> Task brief: Keep every word of the listing and drop the images when you write it out.

> Available data:
--------------------------------

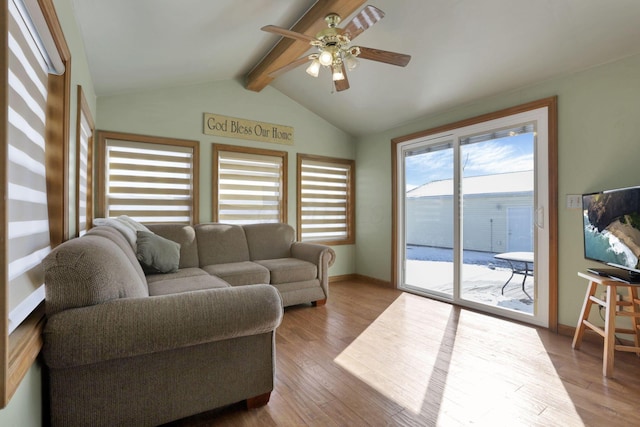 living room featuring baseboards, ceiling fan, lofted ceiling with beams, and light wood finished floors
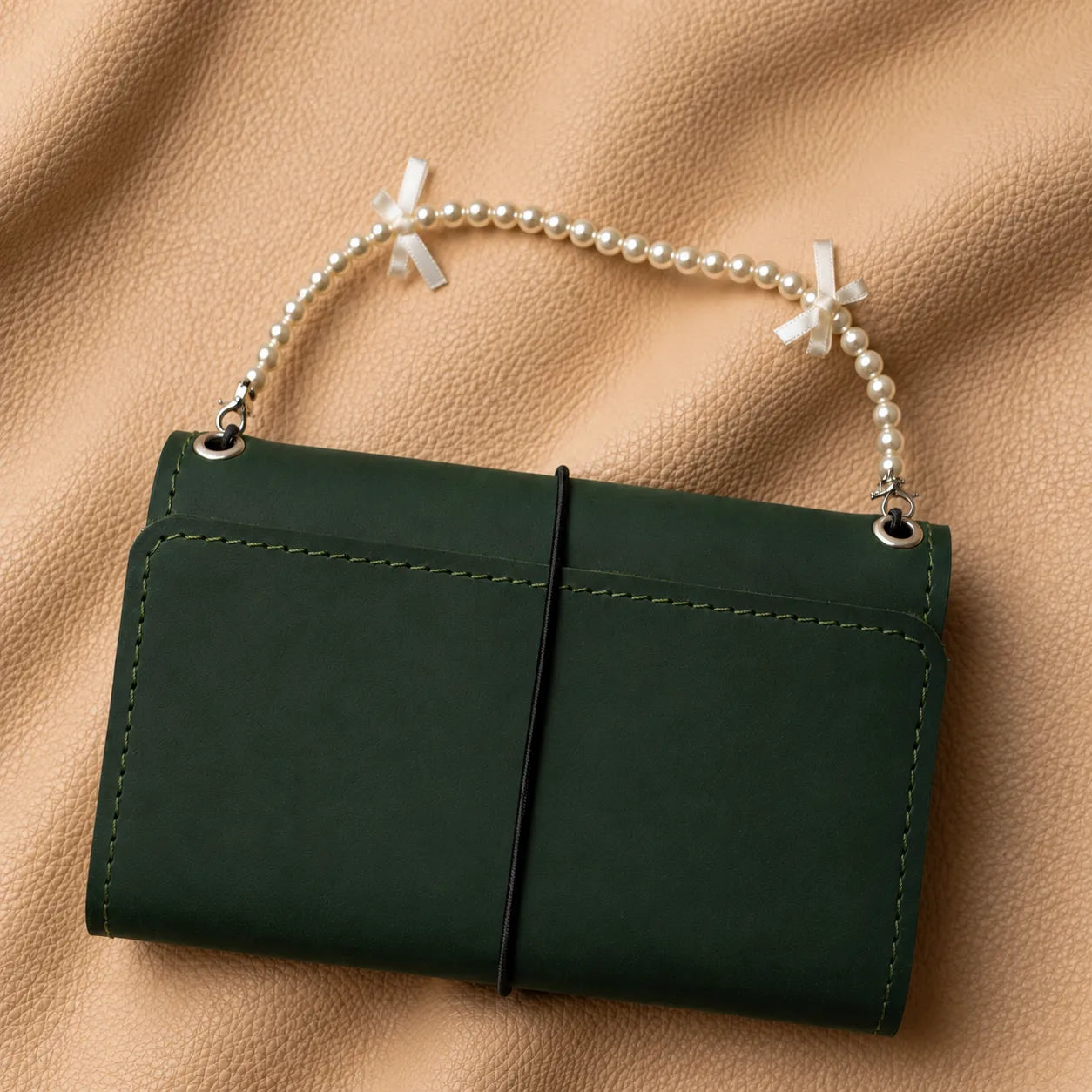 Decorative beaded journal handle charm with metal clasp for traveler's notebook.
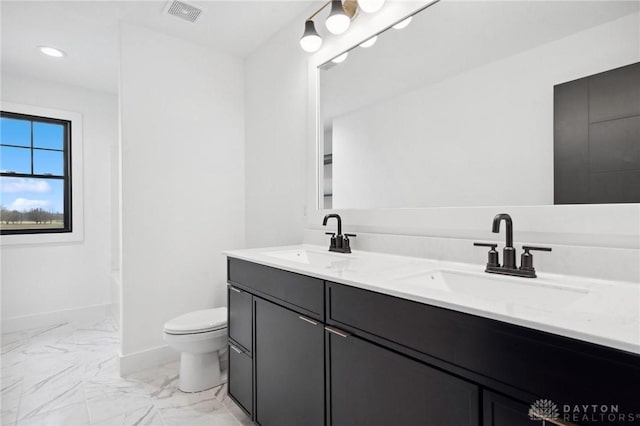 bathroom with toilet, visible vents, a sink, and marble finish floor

--------------------------------

> Exercise solution:
 living room featuring baseboards, ceiling fan, lofted ceiling with beams, and light wood finished floors
 Decorative beaded journal handle charm with metal clasp for traveler's notebook.
 bathroom with toilet, visible vents, a sink, and marble finish floor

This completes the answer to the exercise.